Remove the malfunctioning VM instance

If the VM instance is not in the appropriate healthy state (i.e. underlying hardware issues), and/or is unresponsive (for a myriad of reasons), it’s often easier to replace it when trying to fix. So please go on and delete (in cloud console) the malfunctioning instance if there is still one in the running state.

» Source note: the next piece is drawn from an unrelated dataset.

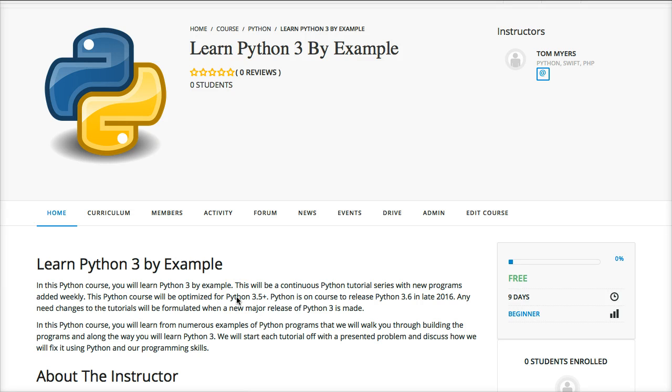Hello and welcome to our new course at mastercode.online, and it's called Learn Python 3 by Example. Now I came up with this idea because there are not many tutorials on the internet that teach you how to actually write Python programs.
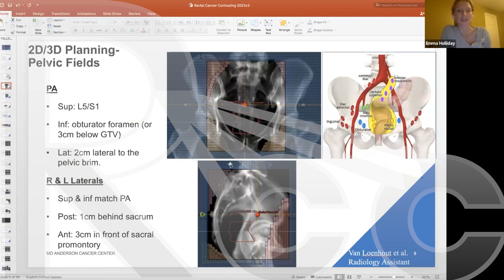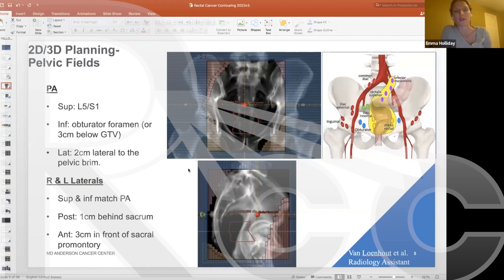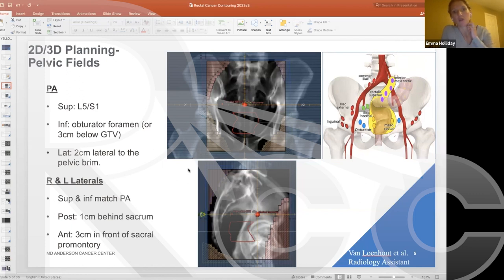This is a contemporary case treated with a 3D technique. I almost entirely start with a 3D plan when planning radiation in the preoperative setting for rectal cancer. Unless there are extenuating circumstances — such as a large amount of bowel in the field from a prior prostatectomy or hysterectomy — I will almost exclusively use 3D conformal radiation with a PA beam and two laterals for the initial prescription of 45 Gy in 25 fractions.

Remove the former etcd member from the known etcd peers

Even when one etcd member is physically (and abruptly) removed, etcd ring still hopes it might come back online at a later time. Unfortunately this is not our case and we need to let etcd ring know that dead etcd member is gone forever (i.e. remove dead etcd member from the known peers list).

Nodes

First of all, check your Nodes

kubectl get node --selector node-role.kubernetes.io/master -o wide

Failed control-plane node will be displayed as NotReady or even absent from the output (running Cloud Controller Manager will remove Node object eventually).

etcd

Even when a control-plane node is absent, there are still other alive nodes, that contain healthy etcd ring members. Exec into the shell of one of those alive etcd containers:

kubectl -n kube-system exec -it etcd-<ALIVE-HOSTNAME> sh

Setup client TLS authentication in order to be able to communicate with etcd:

export ETCDCTL_API=3
export ETCDCTL_CACERT=/etc/kubernetes/pki/etcd/ca.crt
export ETCDCTL_CERT=/etc/kubernetes/pki/etcd/healthcheck-client.crt
export ETCDCTL_KEY=/etc/kubernetes/pki/etcd/healthcheck-client.key

Retrieve currently known members list:

etcdctl member list

Example output:

2ce40012b4b4e4e6, started, ip-172-31-153-216.eu-west-3.compute.internal, https://172.31.153.216:2380, https://172.31.153.216:2379, false
2e39cf93b81fb7ed, started, ip-172-31-153-246.eu-west-3.compute.internal, https://172.31.153.246:2380, https://172.31.153.246:2379, false
6713c8f2e74fb553, started, ip-172-31-153-235.eu-west-3.compute.internal, https://172.31.153.235:2380, https://172.31.153.235:2379, false

By comparing the Nodes list with etcd members list (hostnames, IPs) we can find the ID of the missing etcd member (dead etcd member would be missing from the Nodes list, or will be in NotReady state).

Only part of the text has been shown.